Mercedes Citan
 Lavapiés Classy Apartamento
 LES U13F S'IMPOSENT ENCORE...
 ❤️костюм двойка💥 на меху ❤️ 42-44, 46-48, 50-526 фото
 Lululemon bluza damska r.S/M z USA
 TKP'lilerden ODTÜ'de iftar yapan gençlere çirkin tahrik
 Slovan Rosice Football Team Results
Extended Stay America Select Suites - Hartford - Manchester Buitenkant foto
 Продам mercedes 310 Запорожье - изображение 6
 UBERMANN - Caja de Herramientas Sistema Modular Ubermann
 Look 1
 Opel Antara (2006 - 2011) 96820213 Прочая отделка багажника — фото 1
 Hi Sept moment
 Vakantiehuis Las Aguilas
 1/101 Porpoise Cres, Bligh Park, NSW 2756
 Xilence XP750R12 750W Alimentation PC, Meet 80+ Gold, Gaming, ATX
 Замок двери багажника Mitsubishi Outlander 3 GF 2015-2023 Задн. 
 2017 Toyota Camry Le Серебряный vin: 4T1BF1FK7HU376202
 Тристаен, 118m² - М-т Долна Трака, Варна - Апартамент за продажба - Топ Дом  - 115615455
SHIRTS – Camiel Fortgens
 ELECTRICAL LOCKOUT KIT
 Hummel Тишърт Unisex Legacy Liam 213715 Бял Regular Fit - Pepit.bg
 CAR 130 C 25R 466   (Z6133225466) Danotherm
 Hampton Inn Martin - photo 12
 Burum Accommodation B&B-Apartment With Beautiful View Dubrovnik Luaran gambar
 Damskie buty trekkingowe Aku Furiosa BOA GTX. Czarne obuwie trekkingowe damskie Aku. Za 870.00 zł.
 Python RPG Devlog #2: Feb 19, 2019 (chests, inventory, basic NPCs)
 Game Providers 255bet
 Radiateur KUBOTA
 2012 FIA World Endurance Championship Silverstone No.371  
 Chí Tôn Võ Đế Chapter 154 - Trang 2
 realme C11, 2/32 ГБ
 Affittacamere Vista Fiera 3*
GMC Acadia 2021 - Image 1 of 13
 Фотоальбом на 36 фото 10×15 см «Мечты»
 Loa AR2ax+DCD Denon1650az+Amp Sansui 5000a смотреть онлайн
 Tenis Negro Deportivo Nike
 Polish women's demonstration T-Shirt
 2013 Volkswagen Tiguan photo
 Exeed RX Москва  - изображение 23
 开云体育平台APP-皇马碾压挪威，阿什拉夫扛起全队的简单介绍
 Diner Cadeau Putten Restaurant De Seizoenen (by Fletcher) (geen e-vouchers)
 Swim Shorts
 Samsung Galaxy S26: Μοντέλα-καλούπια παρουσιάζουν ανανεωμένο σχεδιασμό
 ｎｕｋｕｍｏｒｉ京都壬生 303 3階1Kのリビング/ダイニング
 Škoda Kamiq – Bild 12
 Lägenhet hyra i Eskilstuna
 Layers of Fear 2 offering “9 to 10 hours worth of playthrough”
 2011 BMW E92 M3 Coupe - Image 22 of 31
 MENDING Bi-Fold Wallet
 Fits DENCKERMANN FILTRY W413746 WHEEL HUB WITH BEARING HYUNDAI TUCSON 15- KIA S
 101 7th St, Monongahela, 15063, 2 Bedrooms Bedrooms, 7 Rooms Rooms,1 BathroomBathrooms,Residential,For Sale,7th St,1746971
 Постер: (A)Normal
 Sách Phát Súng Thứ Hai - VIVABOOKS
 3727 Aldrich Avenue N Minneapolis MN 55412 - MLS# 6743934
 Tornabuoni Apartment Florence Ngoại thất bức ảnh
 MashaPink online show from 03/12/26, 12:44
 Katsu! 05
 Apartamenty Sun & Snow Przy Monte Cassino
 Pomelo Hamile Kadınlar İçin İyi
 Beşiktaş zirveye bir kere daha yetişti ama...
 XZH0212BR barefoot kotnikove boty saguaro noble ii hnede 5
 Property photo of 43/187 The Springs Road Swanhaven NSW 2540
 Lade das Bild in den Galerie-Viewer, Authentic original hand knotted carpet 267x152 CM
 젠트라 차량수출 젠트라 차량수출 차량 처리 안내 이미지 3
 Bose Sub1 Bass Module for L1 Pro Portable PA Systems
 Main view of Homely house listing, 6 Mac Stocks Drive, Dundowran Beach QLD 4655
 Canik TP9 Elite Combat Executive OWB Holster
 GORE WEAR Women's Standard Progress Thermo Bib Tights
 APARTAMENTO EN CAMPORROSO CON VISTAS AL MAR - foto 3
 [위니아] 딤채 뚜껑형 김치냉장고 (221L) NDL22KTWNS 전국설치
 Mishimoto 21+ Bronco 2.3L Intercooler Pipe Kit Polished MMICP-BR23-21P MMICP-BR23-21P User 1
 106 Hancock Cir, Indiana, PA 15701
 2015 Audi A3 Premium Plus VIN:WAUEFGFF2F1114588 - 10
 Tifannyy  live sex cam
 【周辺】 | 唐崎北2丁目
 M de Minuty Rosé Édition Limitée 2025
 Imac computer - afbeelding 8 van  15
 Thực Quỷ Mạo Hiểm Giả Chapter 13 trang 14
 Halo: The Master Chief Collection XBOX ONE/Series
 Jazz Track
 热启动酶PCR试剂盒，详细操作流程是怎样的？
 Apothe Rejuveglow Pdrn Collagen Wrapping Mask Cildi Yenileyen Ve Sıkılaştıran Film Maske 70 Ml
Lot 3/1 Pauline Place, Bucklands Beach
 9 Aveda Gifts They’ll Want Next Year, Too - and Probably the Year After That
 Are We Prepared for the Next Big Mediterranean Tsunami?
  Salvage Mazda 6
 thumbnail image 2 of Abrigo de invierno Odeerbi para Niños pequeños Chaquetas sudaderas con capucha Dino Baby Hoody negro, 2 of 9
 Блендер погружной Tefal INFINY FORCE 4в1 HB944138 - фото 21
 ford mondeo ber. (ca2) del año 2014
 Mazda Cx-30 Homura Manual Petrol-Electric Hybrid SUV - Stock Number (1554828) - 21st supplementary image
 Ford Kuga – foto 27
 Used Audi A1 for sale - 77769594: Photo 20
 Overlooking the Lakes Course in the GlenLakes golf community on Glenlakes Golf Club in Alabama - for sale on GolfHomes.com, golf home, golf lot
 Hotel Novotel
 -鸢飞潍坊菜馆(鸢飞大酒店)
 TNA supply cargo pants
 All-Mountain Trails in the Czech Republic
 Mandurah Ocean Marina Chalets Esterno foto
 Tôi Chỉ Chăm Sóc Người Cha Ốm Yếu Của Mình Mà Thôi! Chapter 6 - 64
━━━
_Task brief:_
Copy the line containing "thumbnail image 2" exactly. Then copy every line after it through the end of the listing, and nothing more.

_Task output:_
 thumbnail image 2 of Abrigo de invierno Odeerbi para Niños pequeños Chaquetas sudaderas con capucha Dino Baby Hoody negro, 2 of 9
 Блендер погружной Tefal INFINY FORCE 4в1 HB944138 - фото 21
 ford mondeo ber. (ca2) del año 2014
 Mazda Cx-30 Homura Manual Petrol-Electric Hybrid SUV - Stock Number (1554828) - 21st supplementary image
 Ford Kuga – foto 27
 Used Audi A1 for sale - 77769594: Photo 20
 Overlooking the Lakes Course in the GlenLakes golf community on Glenlakes Golf Club in Alabama - for sale on GolfHomes.com, golf home, golf lot
 Hotel Novotel
 -鸢飞潍坊菜馆(鸢飞大酒店)
 TNA supply cargo pants
 All-Mountain Trails in the Czech Republic
 Mandurah Ocean Marina Chalets Esterno foto
 Tôi Chỉ Chăm Sóc Người Cha Ốm Yếu Của Mình Mà Thôi! Chapter 6 - 64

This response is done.